Action item
Only the pictures are to be left out, and the rest of the entries should be reproduced exactly.

Scraped caption text data
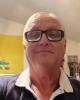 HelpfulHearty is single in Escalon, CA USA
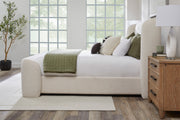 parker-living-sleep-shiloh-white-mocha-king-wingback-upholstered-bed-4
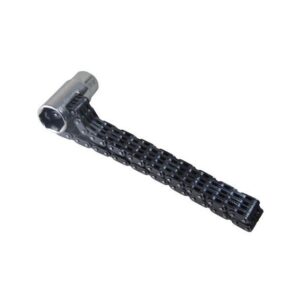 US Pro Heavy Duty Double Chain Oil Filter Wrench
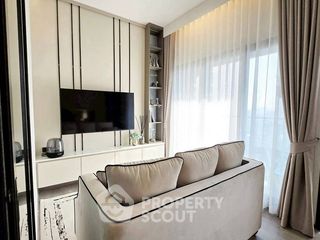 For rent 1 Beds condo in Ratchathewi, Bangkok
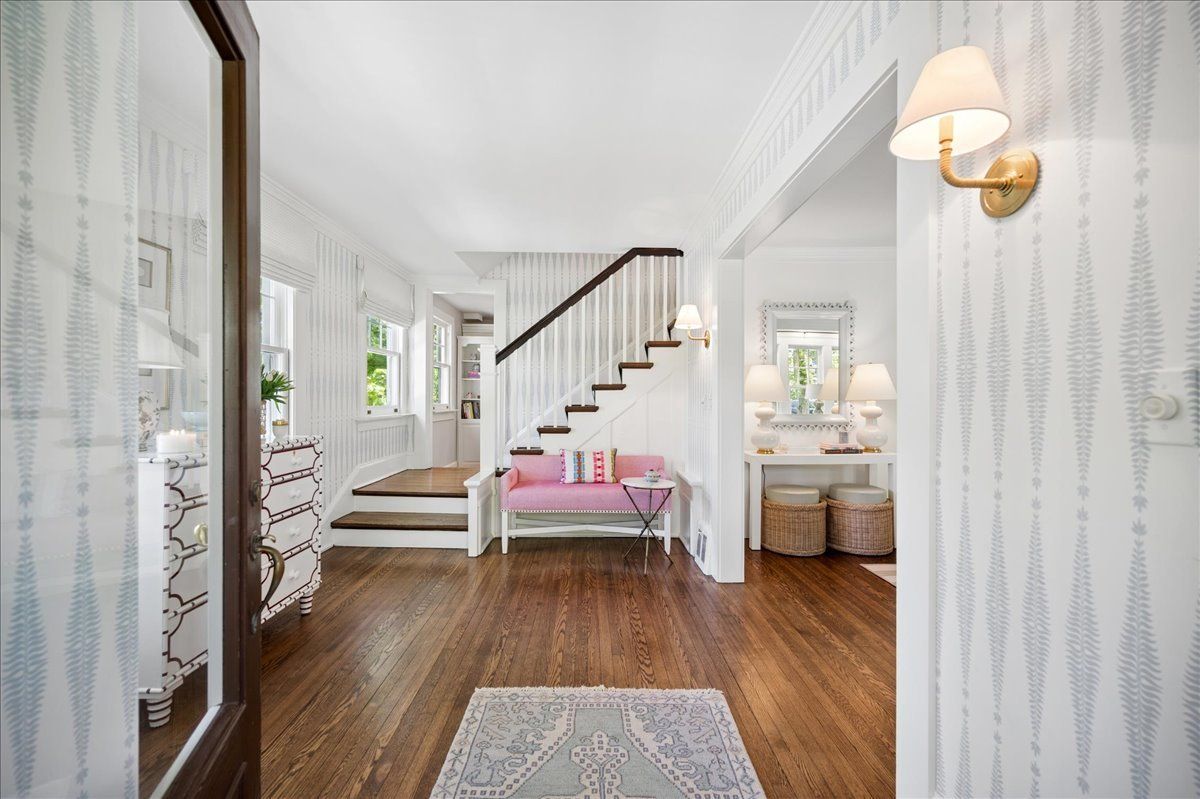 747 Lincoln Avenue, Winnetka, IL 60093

Task output
 HelpfulHearty is single in Escalon, CA USA
 parker-living-sleep-shiloh-white-mocha-king-wingback-upholstered-bed-4
 US Pro Heavy Duty Double Chain Oil Filter Wrench
 For rent 1 Beds condo in Ratchathewi, Bangkok
 747 Lincoln Avenue, Winnetka, IL 60093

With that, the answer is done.